Short text fragments from websites

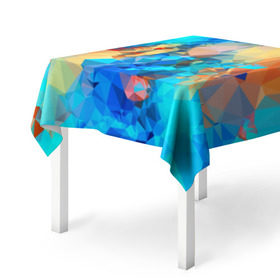 Скатерть 3D с принтом PolyBlue в Курске, 100% полиэстер (ткань не мнется и не растягивается) | Размер: 150*150 см | бумага | геометрия | грани | изгиб | линии | полигоны | постель | розовый | сочетания | текстура | треугольники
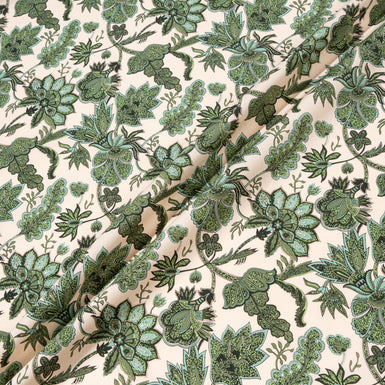 Olive Green Floral Printed Pure Cotton (A 2.25m Piece)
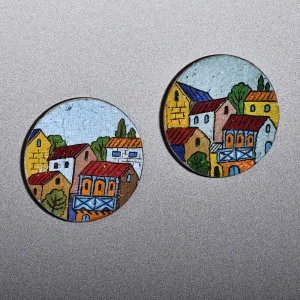 Hand-Painted Colorful Round Recycled Paper Magnets (Pair) - Morning at the Town | NOVICA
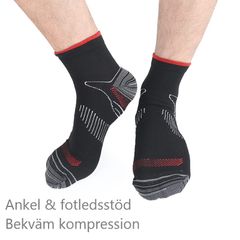 Ankelstrumpor, stöd för ankel & fotled, kompression, SVART/RÖD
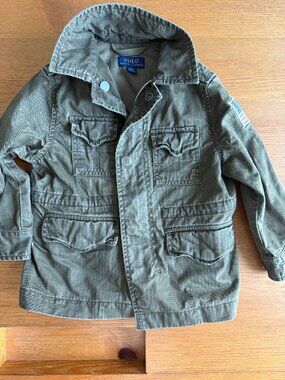 Polo Ralph Lauren Unisex Military Utility Jacket Olive Green 2/2T Flag Patch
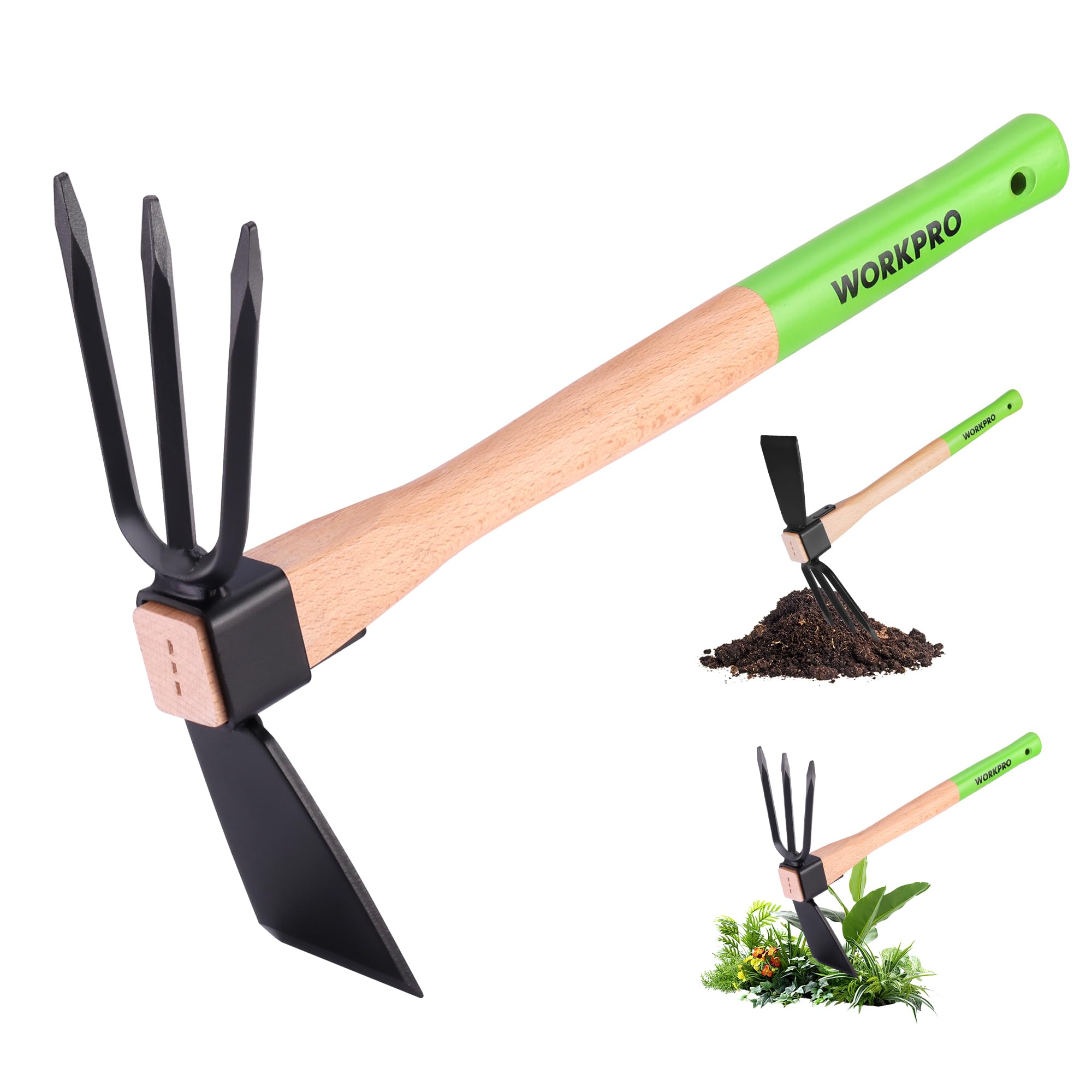 WORKPRO hoe-cultivator with 14-inch handle for versatile digging and soil loosening.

* _DIRECTIONS FOR THIS TASK_
If a record holds a picture, leave the picture out, but repeat every line exactly.

* _TASK RESULT_
 Скатерть 3D с принтом PolyBlue в Курске, 100% полиэстер (ткань не мнется и не растягивается) | Размер: 150*150 см | бумага | геометрия | грани | изгиб | линии | полигоны | постель | розовый | сочетания | текстура | треугольники
 Olive Green Floral Printed Pure Cotton (A 2.25m Piece)
 Hand-Painted Colorful Round Recycled Paper Magnets (Pair) - Morning at the Town | NOVICA
 Ankelstrumpor, stöd för ankel & fotled, kompression, SVART/RÖD
 Polo Ralph Lauren Unisex Military Utility Jacket Olive Green 2/2T Flag Patch
 WORKPRO hoe-cultivator with 14-inch handle for versatile digging and soil loosening.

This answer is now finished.